I have a sign for you to watch if Maxime Bernier is for real or just a flash in the pan, watch the Canadian TV, Read the papers the more you will see hysteria of the MSM of the left, Attacking him same as Trump, calling him a Nazi, racist, Islamophobe, whatever name that they can come up with, that is the best sign that they are scared and he has a chance. Same as Dough Ford that came from nowhere and now he is the premier of Ontario.
The attack's on Maxime Bernier and People's Party of Canada are in full swing including sending out spoofed Emails to discredit it with false accusations. It can come from liberanos, Conservanos, NDPanos. There is no dirty trick in the book and not in book that they will not do Populous parties are on the rise all over the world and there is no reason why it should not happen in Canada also. People are disgusted with all traditional corrupt parties they are hungry for fresh air that replaces the foul odor of the traditional political kitchen of corrupt deals to enrich traditional politicians.
Mark the best help that you can offer to Maxime Bernier is invite him for televised interview same as you gave to George Papadopolos
Mark replies:
I interviewed M Bernier here.
Mark that was in March 2017. Lot of water did flow in Ottawa river since then. Then it was an introduction of a newcomer to the scene. It was before Justin Trudeau screwed up the Liberal party, Before Jody Wilson-Reybould and Jane Philpott were forced out, it was before you, Lindsay Shepherd and John Robson were expunged from the records of the parliament and MP Michael Cooper is facing removal from the Conservative caucus. Right now we are 4 month before September election for the Canadian parliament Looking at the political landscape of Canada at this moment that the only honest truthful populous politician in Canada is Maxime Bernier. As far as status quo is concerned all of the political parties i.e. liberanos, Conservanos, NDPanos and approved media are doing the best muzzle Maxime Bernier to turn him into a nonperson, If he is mentioned it is with false accusation. There is no chance that those crocks and their media will do anything regarding publishing the truth because their political life depends on it . Maxime Bernier needs every ounce of publicity that he can get. It is an opportunity to pay them back for what they have done to you and Lindsay Shepherd and John Robson and thousands of people that logged on to hear your, Lindsay and John testimony. Mark please consider it it will be definitely more useful than running as a candidate fro PPC. Who knows you may get elected and then what? Close the club and collect a a Canadian MP salary?

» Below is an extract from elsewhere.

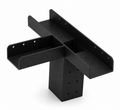 Black metal bracket on a white background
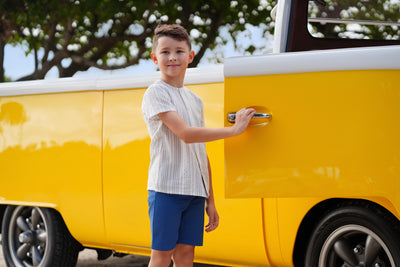 Caden true blue short sleeve shirt by Motu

All this PPC talk is inside baseball for non Canadians and many Canadians. However Mark wouldn't have a hope in hell of getting elected in Quebec with a smattering of French among other things. I read of one of the founding members of the PPC in British Colombia quitting the party because most of the original people who had put a lot of spade work and heart and soul into the party were pushed aside. Makes me very suspicious. So I am working for my local conservative candidate who has principles and is coldshouldered by the Party because he is a social conservative (I am not). In Canada we don't vote directly for our prime minister anyway.
Nicola There is not dirty trick in the book that the enemies of PPC will not do to discredit it: That was in Yesterdays Vancouver Sun
B.C. wing of People's Party targeted by forged emails, apparently designed to discredit it
Canada's populist party appears to be the target of cyber fraud designed to deepen divides within the party, an early warning of the surge of online disinformation expected in the fall federal election campaign.

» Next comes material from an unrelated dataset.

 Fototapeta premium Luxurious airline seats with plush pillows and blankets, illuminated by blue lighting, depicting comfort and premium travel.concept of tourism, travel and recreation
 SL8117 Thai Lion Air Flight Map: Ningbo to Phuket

Emails that appeared to come from the B.C. chapter of Maxime Bernier's People's Party of Canada were recently provided to the media. They purported to show a top party organizer promoting racism.
But an analysis by internet security experts, at Postmedia's request, has confirmed the emails are "spoofs" — forgeries that fake a sender's display name and email address.
"In this instance, successful spoofing of both the display name and email address was used," said Ruan Müller, an independent security researcher.
Such fake emails exploit vulnerabilities in messaging services to make letters appear they're from other senders.
Canada's populist party appears to be the target of cyber fraud designed to deepen divides within the party, an early warning of the surge of online disinformation expected in the fall federal election campaign.
Emails that appeared to come from the B.C. chapter of Maxime Bernier's People's Party of Canada were recently provided to the media. They purported to show a top party organizer promoting racism.
But an analysis by internet security experts, at Postmedia's request, has confirmed the emails are "spoofs" — forgeries that fake a sender's display name and email address.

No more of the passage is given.